A memória, terra imprevisível, é revolvida de tempos em tempos. Em sua reclusão, Lena tenta montar um quebra-cabeça com os retratos antigos que revê. Recompõe a partir daí histórias paralelas, trazendo de volta lembranças do colégio, os amigos, os colegas de redação, os familiares, os irmãos dela na luta contra a ditadura, enfim, tudo é remexido.
Ao final deste lindo romance cheio de esconderijos, tais como a mente da personagem, descobre-se a decisão: “Deu as costas para a casa, sólida e ensolarada. Pendurou a sacola no ombro e, mancando ligeiramente, caminhou em direção ao automóvel que a levaria para o aeroporto. Tão simples, tão fácil, o coração continua, cutum-cutum-cutum-cutum, é só a gente ver onde pisa, cutum-cutum-cutum-cutum, e saber aonde quer chegar”.

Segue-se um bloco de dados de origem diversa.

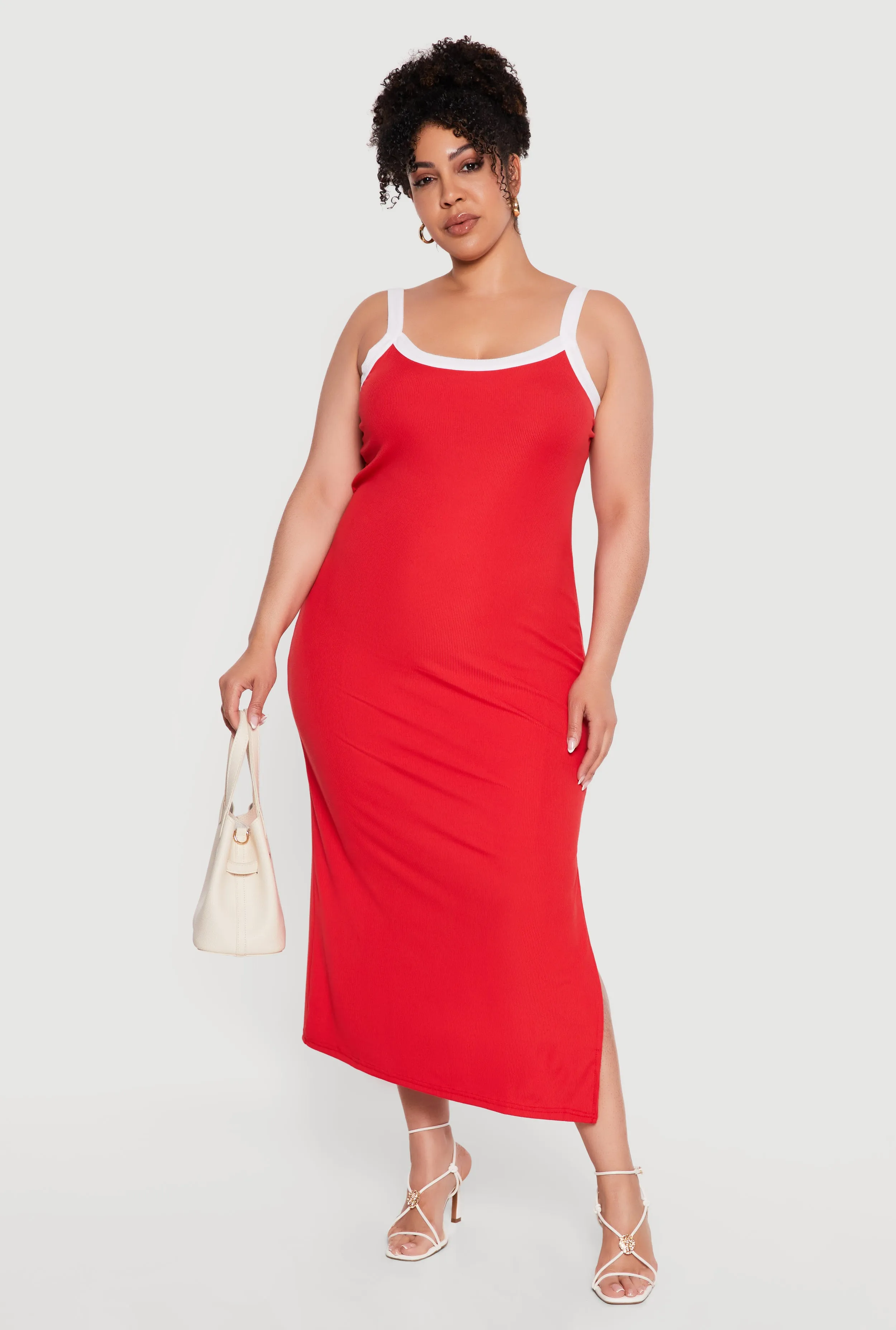 Plus Size Contrast Trim Cami Maxi Dress sold by Rainbow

Os caminhos da boa ficção são imponderáveis como esta partida de Lena rumo ao desconhecido, assim como toda a história contada em “Tropical sol da liberdade”. O zanzado das formigas iniciou uma caminhada que retrocedeu aos tempos da ditadura, de volta a um Brasil jamais esquecido; a memória viva do passado em contraste com o presente esfacelado na cabeça confusa de Lena parece dizer: perde-se facilmente a lembrança suave dos ventos bons, mas as memórias ardidas são intensas. E é a partir delas que tudo o mais se recompõe.